Das Amt für Migration verfügt nicht über die technischen Möglichkeiten zur Auswertung der Handydaten, deshalb bekommt es laut Senat Unterstützung vom LKA und dem Hauptzollamt. Konkret bedeutet das: Die Handys werden an das LKA geschickt, wenn die Handybesitzer:innen die Zugangsdaten nicht preisgeben. Das LKA verfügt über Software, um die Handys zugänglich zu machen. Per Kurier werden die Daten dann auf einem USB-Stick in die Ausländerbehörde transportiert.
Eine Person „mit Befähigung zum Richteramt“ sichtet dann die Inhalte auf den Handys und sammelt die Indizien, die auf den Herkunftsstaat schließen lassen. „Zu diesen Informationen gehören beispielsweise Kontakte zu Verwandten, Telefonnummern ins Ausland, Bilder/Kopien von offiziellen Dokumenten oder Fotos, die anhand von Sehenswürdigkeiten/ortsprägende Gebäude auf das vermutete Herkunftsland schließen lassen“, schreibt der Sprecher des Amtes für Migration auf taz-Anfrage.
Hamburg ist nicht das einzige Bundesland, in dem die Ausländerbehörde Unterstützung vom LKA bekommt. In Berlin wurden zwischen 2018 und 2021 insgesamt 64 private Datenträger durchsucht. Nur sechs davon haben zur Feststellung der Identität geführt. Das geht aus der Antwort des Berliner Senats auf eine Anfrage der Linksfraktion hervor. Berlin hat nun angekündigt, das Verfahren einzustellen. Der hohe Aufwand stünde in keinem Verhältnis zum Erfolg der Maßnahmen, heißt es im Jahresbericht der Berliner Datenschutzbeauftragten.

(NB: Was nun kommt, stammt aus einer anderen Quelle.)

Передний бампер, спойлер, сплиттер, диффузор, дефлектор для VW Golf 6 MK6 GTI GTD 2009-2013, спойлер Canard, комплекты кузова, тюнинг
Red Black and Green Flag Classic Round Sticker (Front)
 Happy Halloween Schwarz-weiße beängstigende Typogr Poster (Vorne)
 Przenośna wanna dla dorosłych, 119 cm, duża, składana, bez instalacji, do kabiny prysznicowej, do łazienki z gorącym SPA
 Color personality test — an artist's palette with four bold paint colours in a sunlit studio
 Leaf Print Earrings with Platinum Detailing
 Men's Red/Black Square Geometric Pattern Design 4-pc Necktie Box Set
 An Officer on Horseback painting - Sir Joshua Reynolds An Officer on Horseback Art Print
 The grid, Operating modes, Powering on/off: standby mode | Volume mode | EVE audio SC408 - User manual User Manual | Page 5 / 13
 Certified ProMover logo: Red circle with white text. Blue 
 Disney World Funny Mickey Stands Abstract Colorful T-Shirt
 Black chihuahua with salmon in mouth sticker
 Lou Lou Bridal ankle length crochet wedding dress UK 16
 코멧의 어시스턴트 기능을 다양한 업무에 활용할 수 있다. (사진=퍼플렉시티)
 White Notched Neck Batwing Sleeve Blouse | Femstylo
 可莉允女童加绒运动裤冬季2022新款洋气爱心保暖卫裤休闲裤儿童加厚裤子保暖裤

Wie das Verhältnis zwischen Aufwand und Nutzen in Hamburg ist, weiß dort niemand. Das Amt für Migration, zu dem die Ausländerbehörden gehören, führt keine Statistiken zu dem Thema. Es weiß also weder, wie oft Handys ausreisepflichtiger Menschen durchsucht werden, noch, wie oft das zur Feststellung ihrer Identität führt. Unbekannt ist auch, wie oft die dadurch erlangten Indizien den Angaben der Betroffenen widersprechen oder sie bestätigen.
Auch die Antwort des Senats auf die Linken-Anfrage vom März dieses Jahres ist wenig aussagekräftig: „Einer öffentlich zugänglichen Beantwortung der Frage stehen überwiegende Belange des Staatswohls entgegen“, heißt es häufig. So steht das Staatswohl im Weg, wenn es darum geht, wie das LKA die Handys aufsperrt, welche Daten es speichert und wie die Daten geschützt werden. Diese Verschwiegenheit stört Kaya besonders: „Ob die Daten nur zur Identifikation verwendet oder auch zu anderen Zwecken gespeichert werden, ist völlig unklar.“
Nicht nur die Linke, auch der Datenschutzbeauftragte wird das Thema weiter verfolgen: Das Büro will die „Datenverarbeitungsvorgänge bei der verantwortlichen Stelle überprüfen“, kündigt seine Sprecherin an.